WHAT TO WORK ON: Below are records with pictures. Reproduce exactly the lines from the line with "Boss Desk /" to the line with "Range with dark", inclusive, and leave each picture out.

INFORMATION GIVEN:
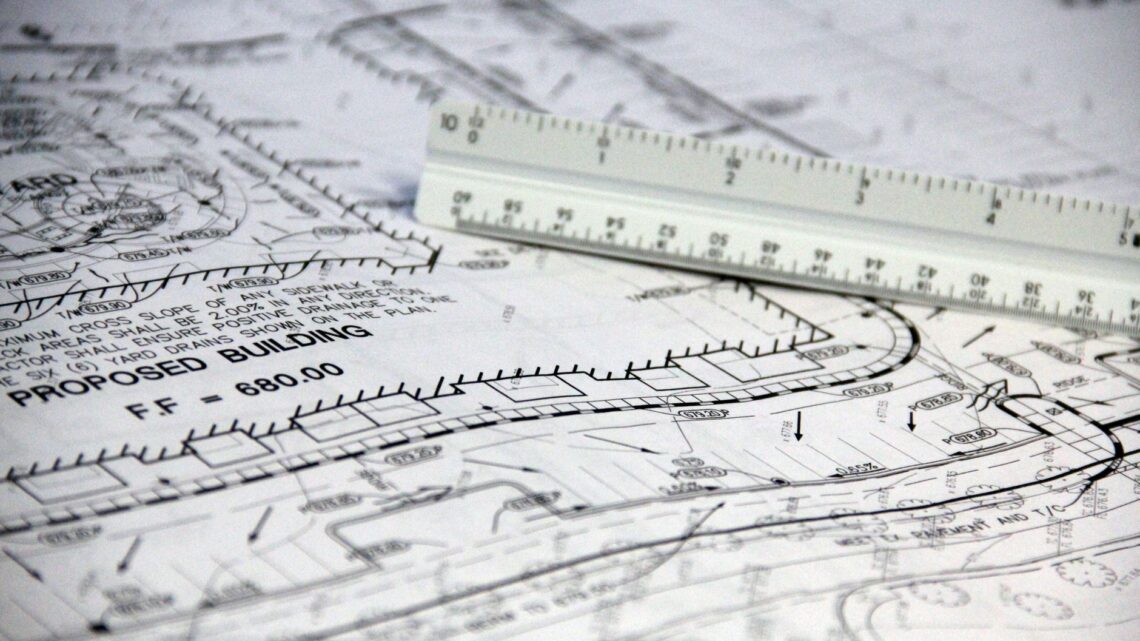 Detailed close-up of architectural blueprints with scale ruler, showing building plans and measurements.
...
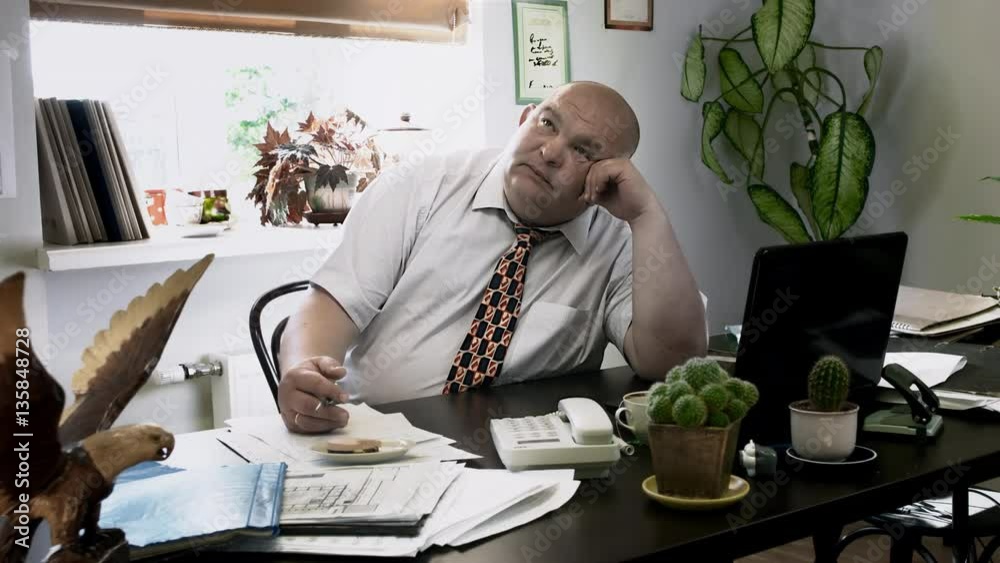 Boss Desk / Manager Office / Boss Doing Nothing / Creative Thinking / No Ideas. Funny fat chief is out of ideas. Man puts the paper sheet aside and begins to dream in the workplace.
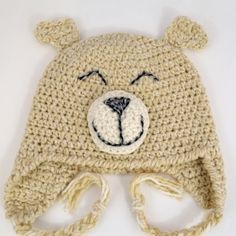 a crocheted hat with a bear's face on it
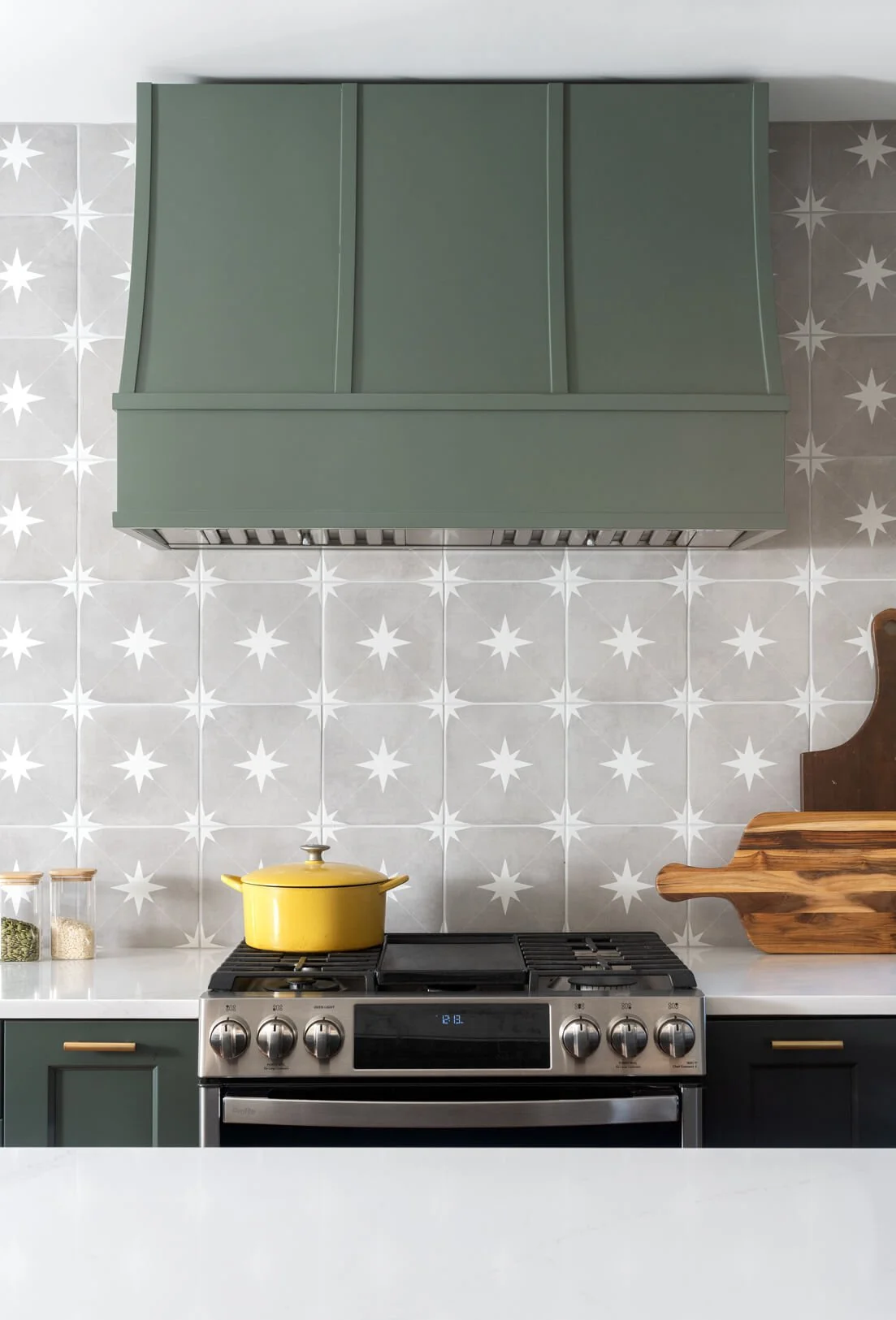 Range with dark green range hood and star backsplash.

ANSWER SPACE:
 Boss Desk / Manager Office / Boss Doing Nothing / Creative Thinking / No Ideas. Funny fat chief is out of ideas. Man puts the paper sheet aside and begins to dream in the workplace.
 a crocheted hat with a bear's face on it
 Range with dark green range hood and star backsplash.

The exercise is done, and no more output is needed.